Sunday, October 06, 2013

The middle class supports both the upper and lower class, and has the respect of neither

Liberty's Torch links to a post at The Woodpile Report.

It was a cliche during the '30s that the wealthy were Marxists, the middle class were conservatives and the poor were Democrats.

The upper class and the lower class have more in common with each other than either has with the middle class. Both the upper and lower classes value comfort and leisure above all else—except sports, both adore unearned wealth, both are extraordinarily self-aware and cohesive, both think themselves gifted and blameless, both scorn education, both make ostentatious display of such affluence as they have, or pretend to have, and neither shrinks from any criminal enterprise they think they can get away with. The industrious and law-abiding middle class supports both and has the respect of neither.

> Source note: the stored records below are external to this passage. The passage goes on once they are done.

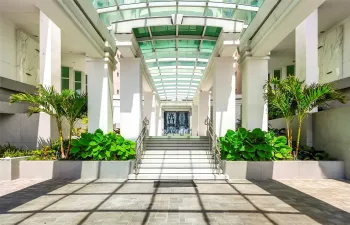 Aragon Front Entrance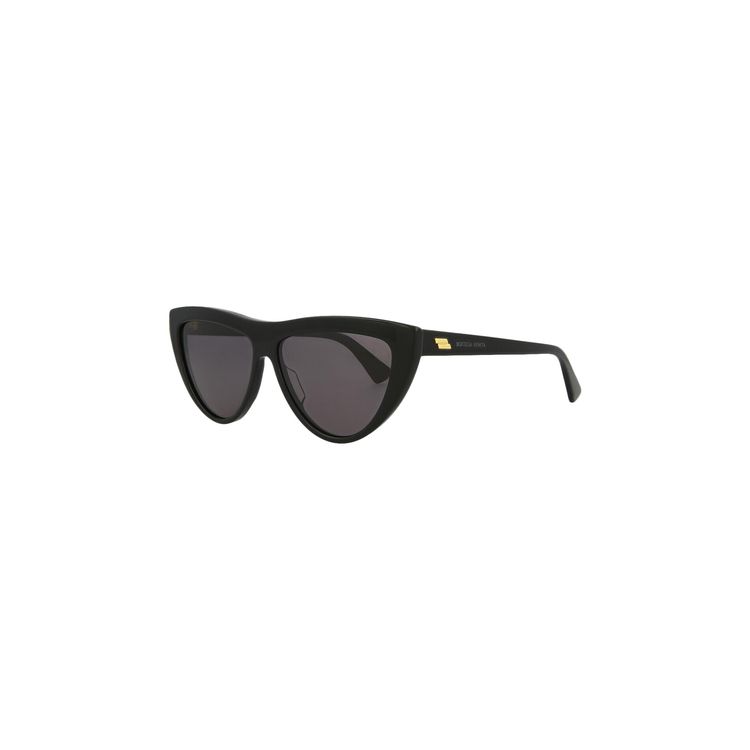 Bottega Veneta Cat Eye Sunglasses BlackGrey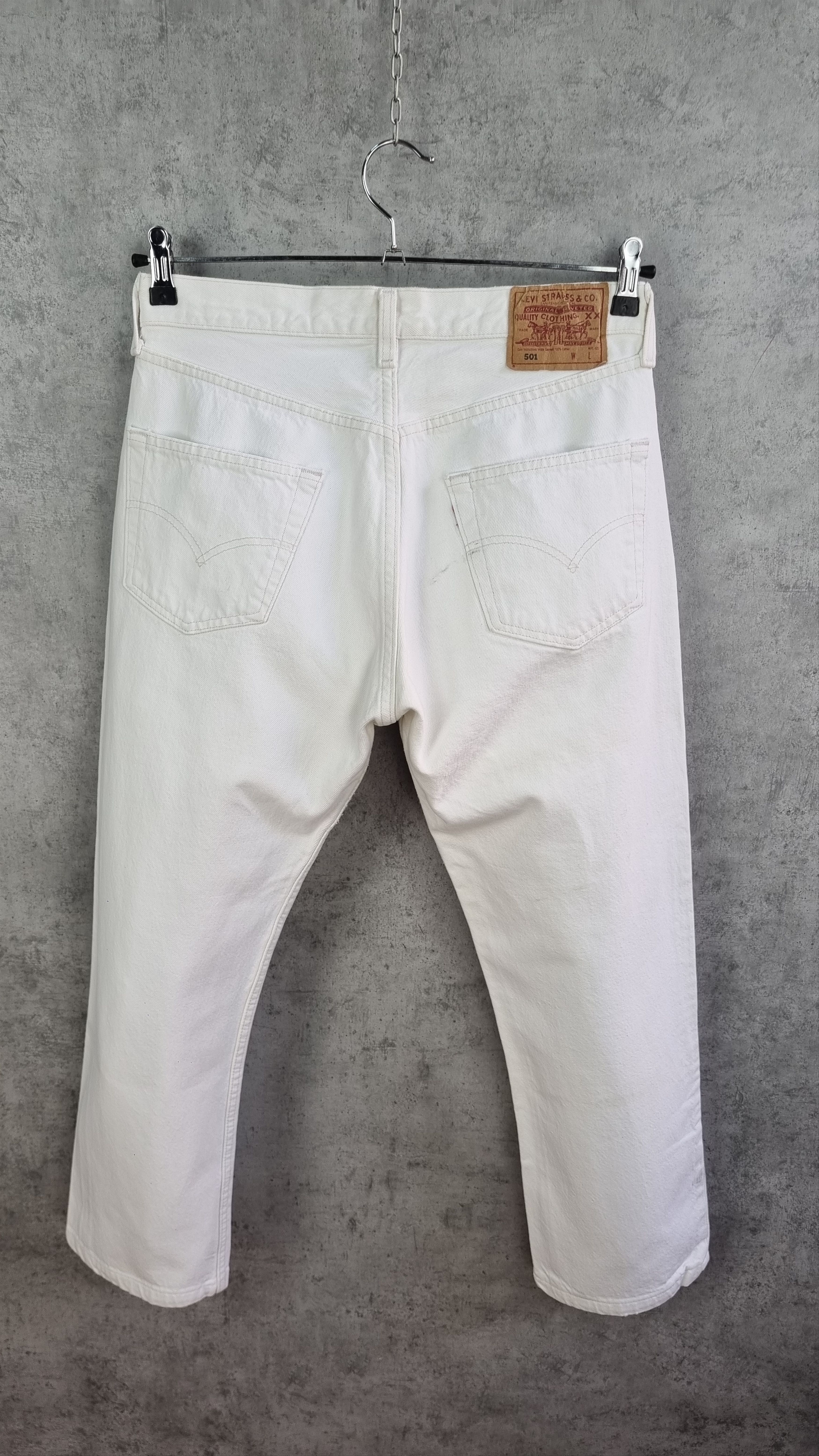 Levi's × Levi's Vintage Clothing 90s Levis 501 USA Made Vintage Denim Jeans Size US 31 - 6 Thumbnail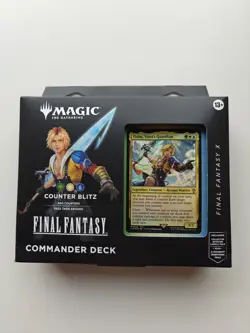 Mtg Magic The Gathering Commander Deck Counter Blitz Final Fantasy Englisch Neu - Image 1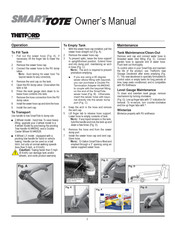 Thetford SmartTote Owner's Manual
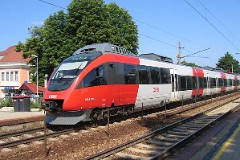 ÖBB 4024 Talent, Klosterneuburg, 3. July 2005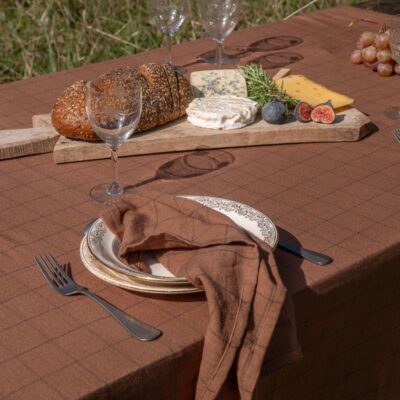 Alternative view of Lot de 2 serviettes de table en coton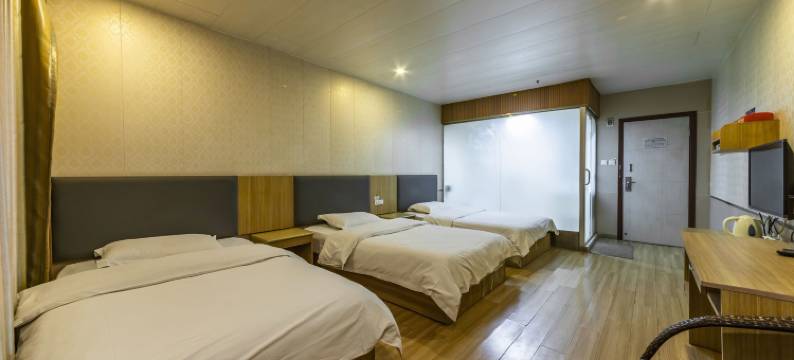 久盛酒店(郑州东站西周地铁站店)图片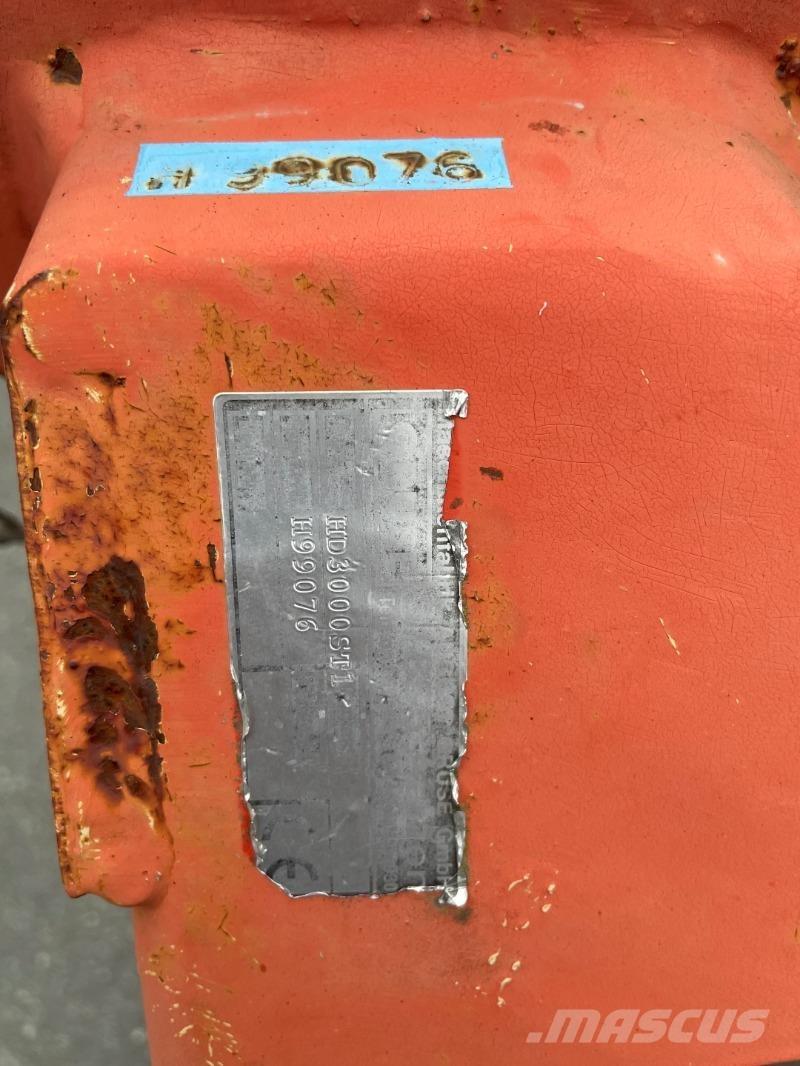 Gruse HD3000 Машини за събиране на картофи - Други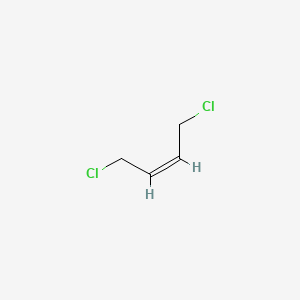 Chemical structure of 1,4-Dichloro-2-butene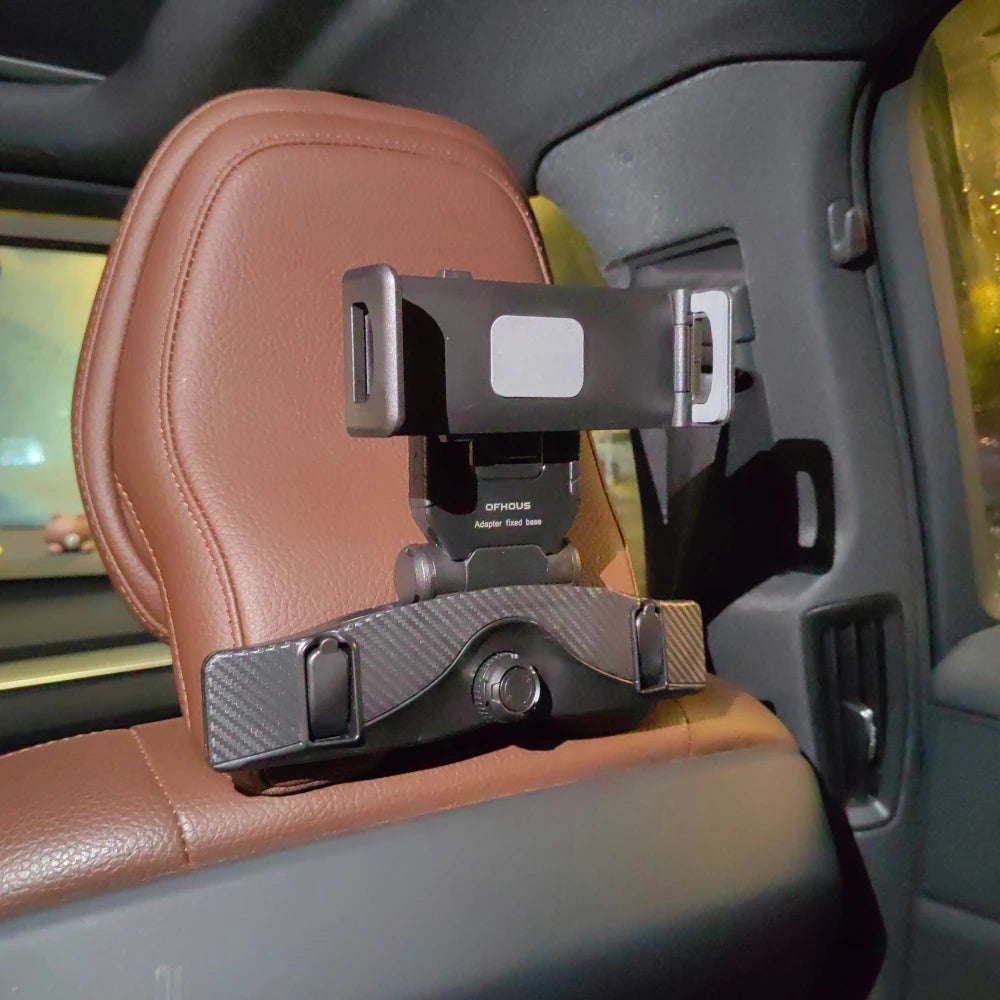 1 Set Car Tablet Bracket For Volvo S60 XC60 V60 S90 XC90 V90 Polestar 3 Back Seat Holder Support For IPAD Phone Stand Bag Hook CM World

In the Depression of the '30s the middle class found itself in a train wreck economy, lived by the hard rules of deprivation, resisted anything that would dishonor them or their family, then faced the hardships and horrors of a world war. In the good years that followed they built the prosperous America of legend and righted wrongs which had seemed intractable, at no one's bidding but their own and at considerable cost to themselves.

The Progressive narrative turns the middle class's innate good will against them by demanding they be answerable for their success, as if they were beneficiaries of a theft, as if they were also responsible for those who mocked every opportunity and blamed others for the consequences. Those who the middle class is told to "answer to" are those who sit uninvited at their table and complain of the condiments.